What you will do » Would you please restate the data exactly as it stands, apart from the pictures?

══════════

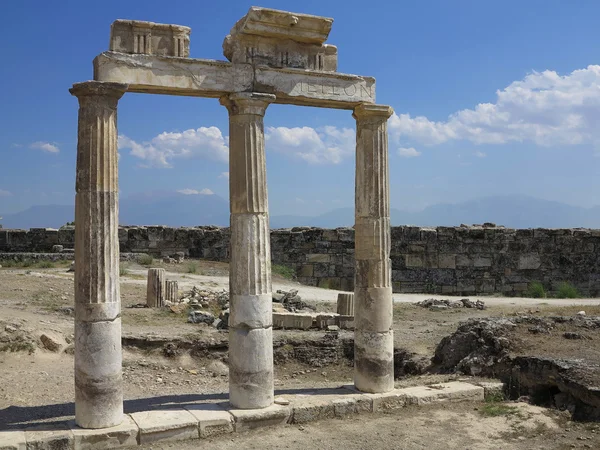 Kolumner och ruinerna av antika artemis tempel — Stockfoto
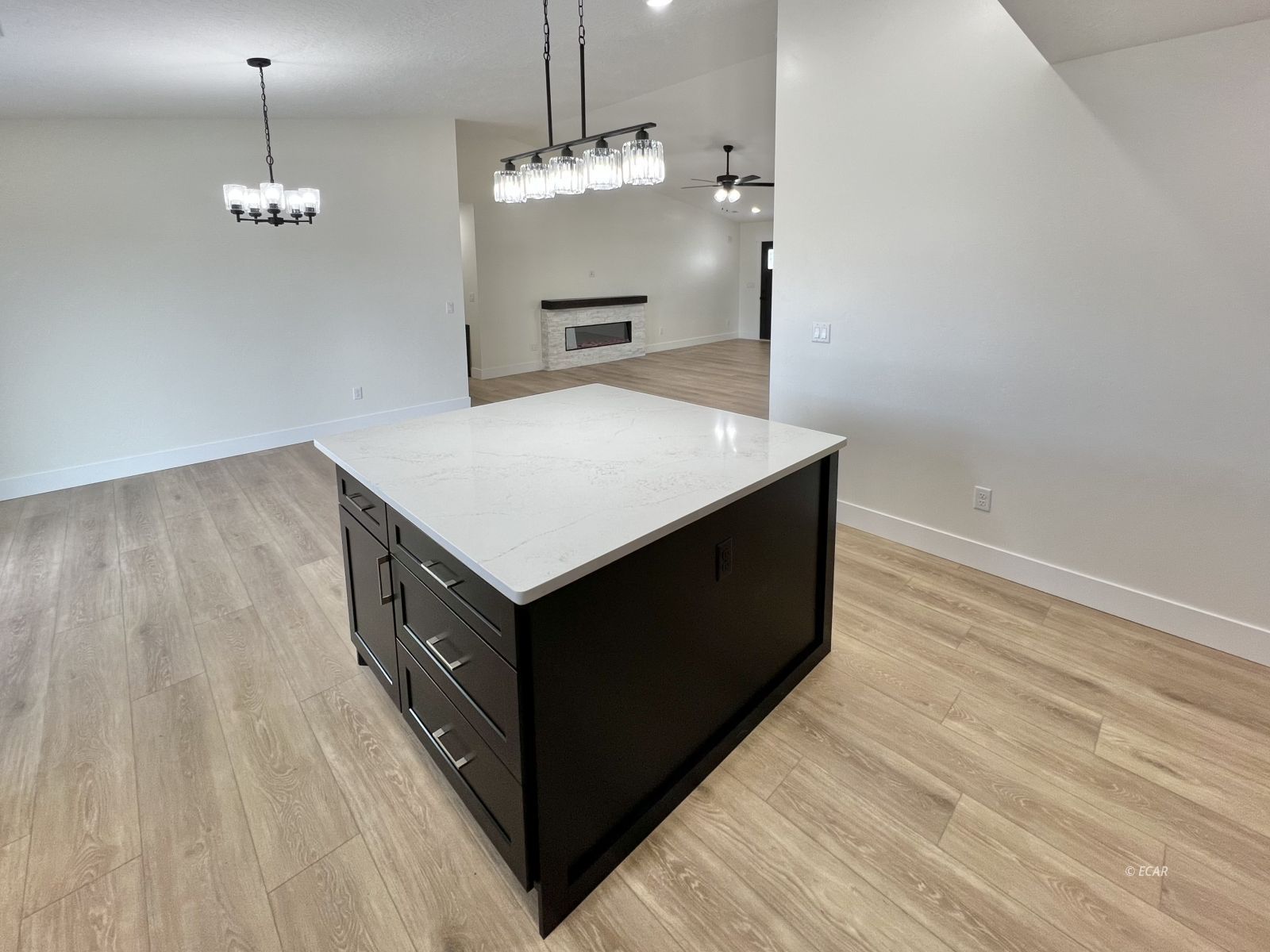 4319 Windsor Avenue Property Photo 9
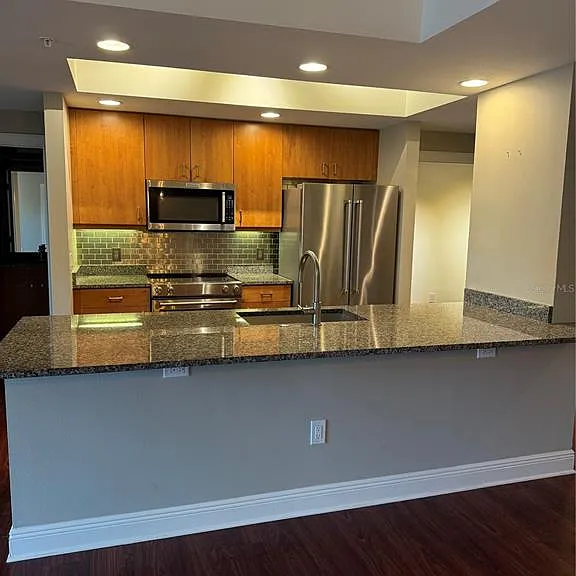 800 N Tamiami Trl #211 — Photo 3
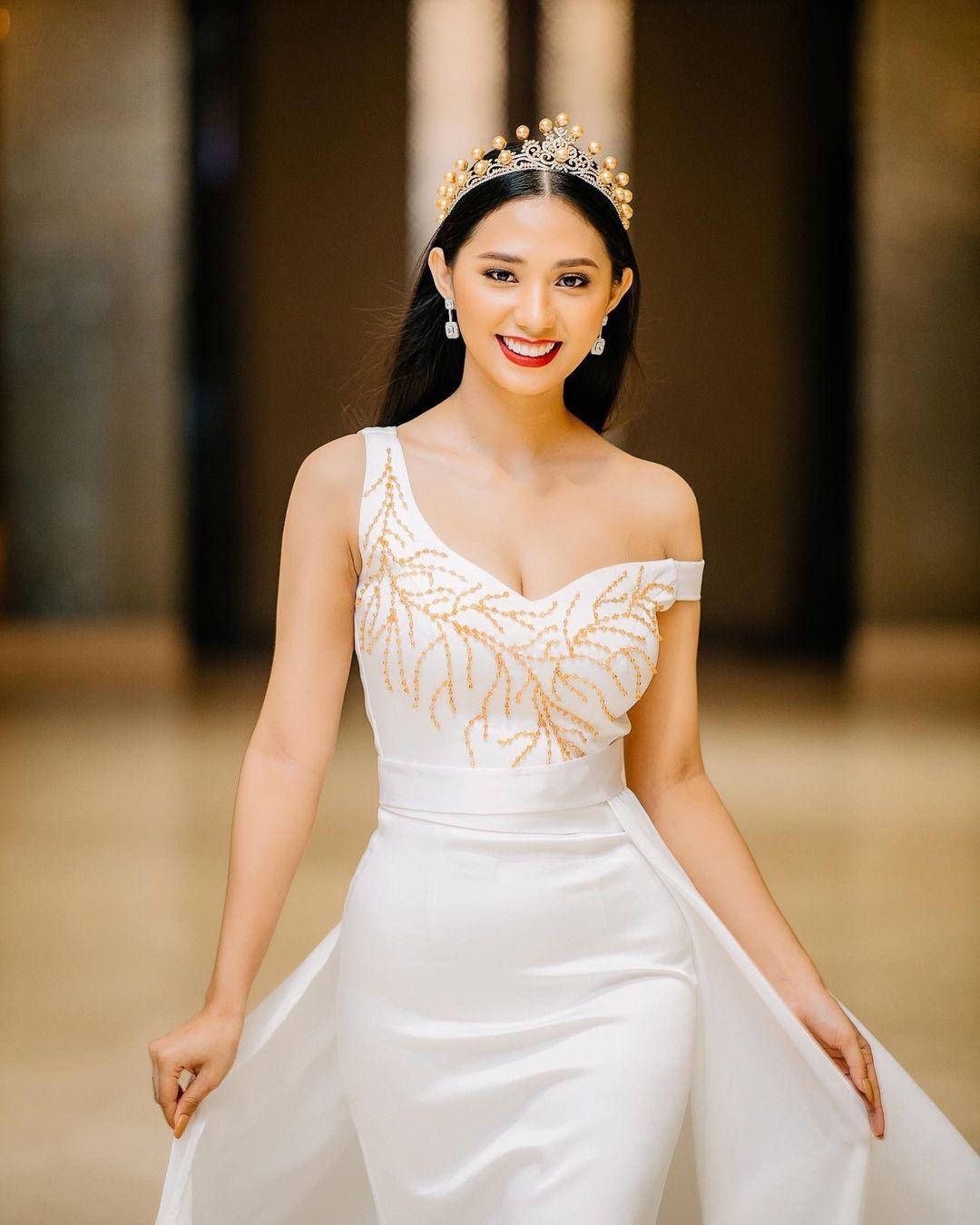 Nhan sắc nóng bỏng của mỹ nhân đăng quang Hoa hậu Trái đất Myanmar 2021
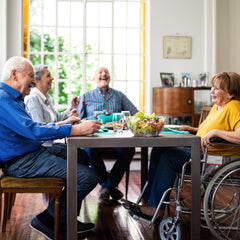 BaseSmall set en mesa estilo de vida ayuda a comer con mayor confianza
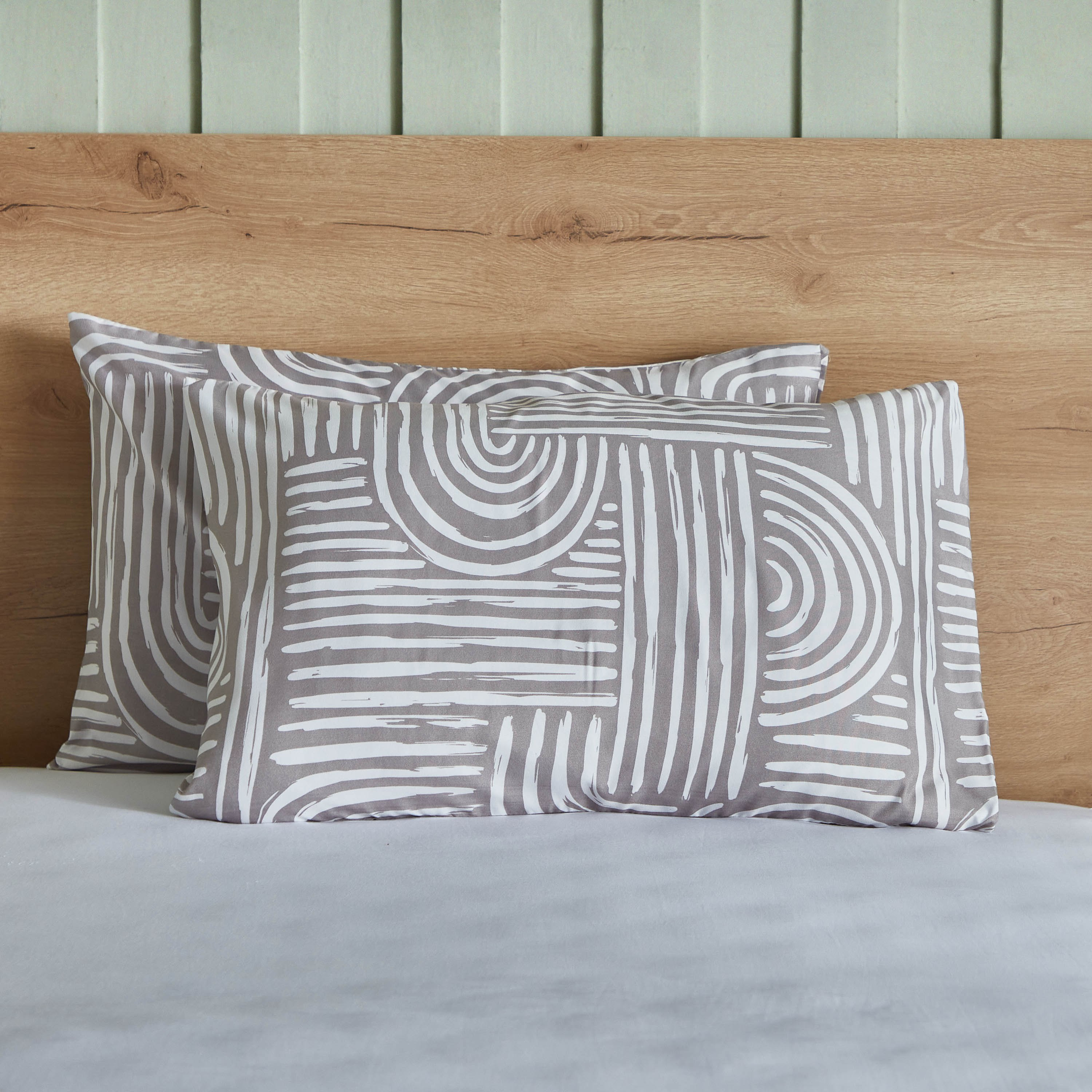 طقم أغطية وسائد بطبعات من الألياف الدقيقة فال من ماتريكس - 50x75 سم-hbxhomeware-hbxbedroom-image-2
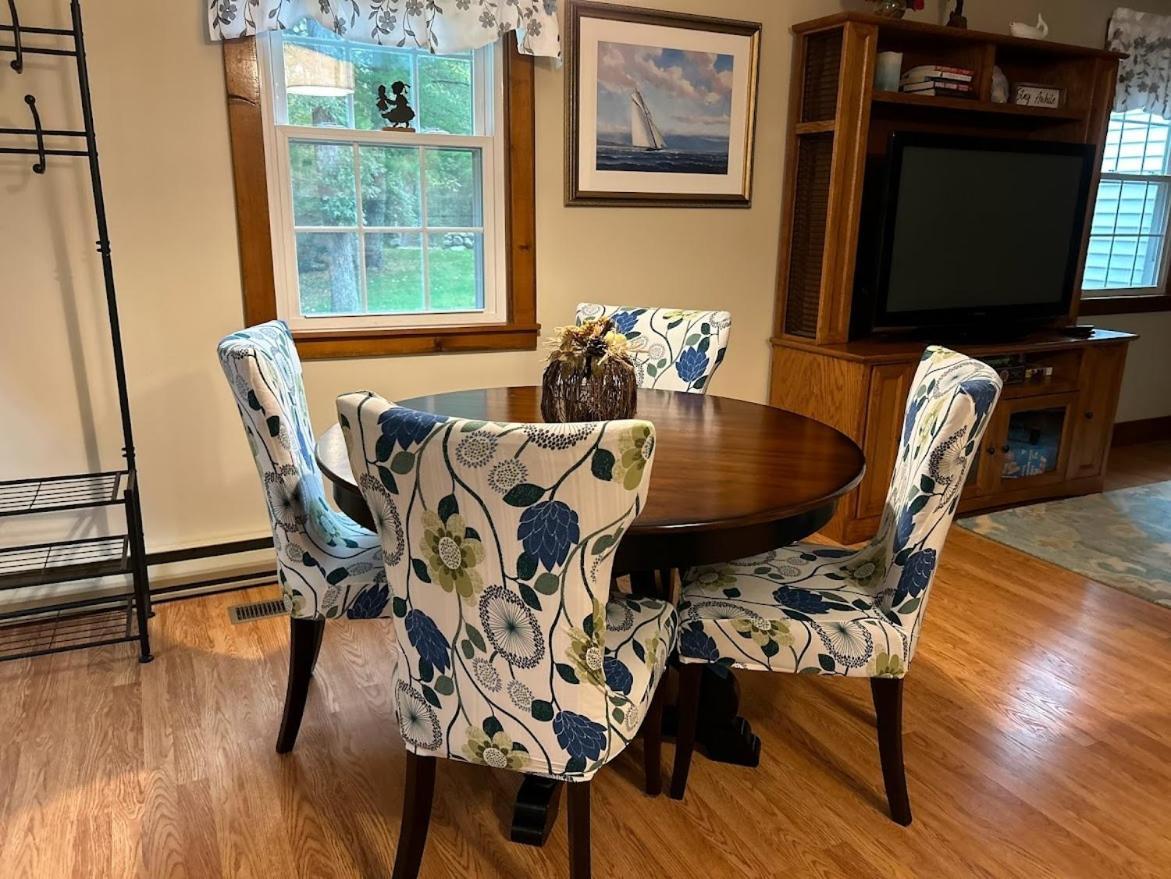 Cozy Bungalow Just Minutes From Mystic, Westerly Beaches, Boating And Casinos! Bungalow グロトン エクステリア 写真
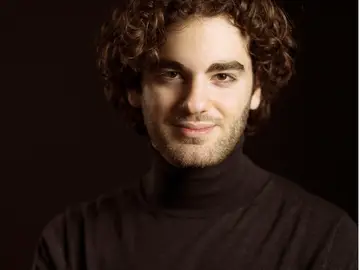 Emmanuel Tjeknavorian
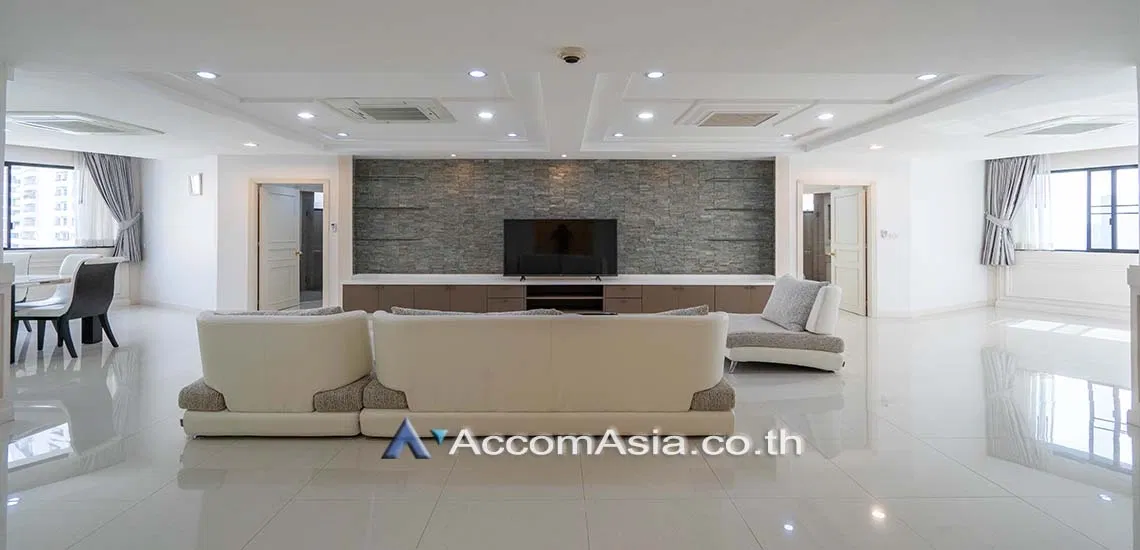 picture 🔼🔽 AccomA 📩 Elegant wooden condominium with warm tones and dining alcove (23622) - 2/10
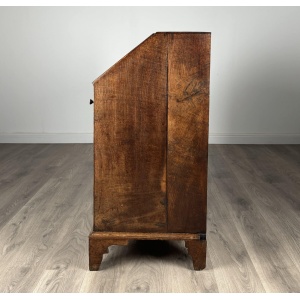 Antique 18th Century Good Quality Bureau In Oak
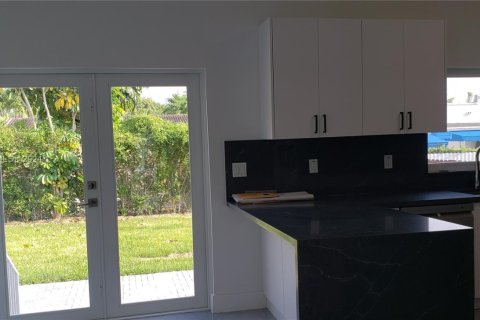 Villa ou maison à vendre à Miami, Floride: 5 chambres, 133.78 m2 № 1940405 - photo 17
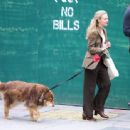 Amanda Seyfried – With husband Thomas Sadoski on the set of ‘The Crowded Room’ in Brooklyn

══════════

Result of the exercise »
 Kolumner och ruinerna av antika artemis tempel — Stockfoto
 4319 Windsor Avenue Property Photo 9
 800 N Tamiami Trl #211 — Photo 3
 Nhan sắc nóng bỏng của mỹ nhân đăng quang Hoa hậu Trái đất Myanmar 2021
 BaseSmall set en mesa estilo de vida ayuda a comer con mayor confianza
 طقم أغطية وسائد بطبعات من الألياف الدقيقة فال من ماتريكس - 50x75 سم-hbxhomeware-hbxbedroom-image-2
 Cozy Bungalow Just Minutes From Mystic, Westerly Beaches, Boating And Casinos! Bungalow グロトン エクステリア 写真
 Emmanuel Tjeknavorian
 picture 🔼🔽 AccomA 📩 Elegant wooden condominium with warm tones and dining alcove (23622) - 2/10
 Antique 18th Century Good Quality Bureau In Oak
 Villa ou maison à vendre à Miami, Floride: 5 chambres, 133.78 m2 № 1940405 - photo 17
 Amanda Seyfried – With husband Thomas Sadoski on the set of ‘The Crowded Room’ in Brooklyn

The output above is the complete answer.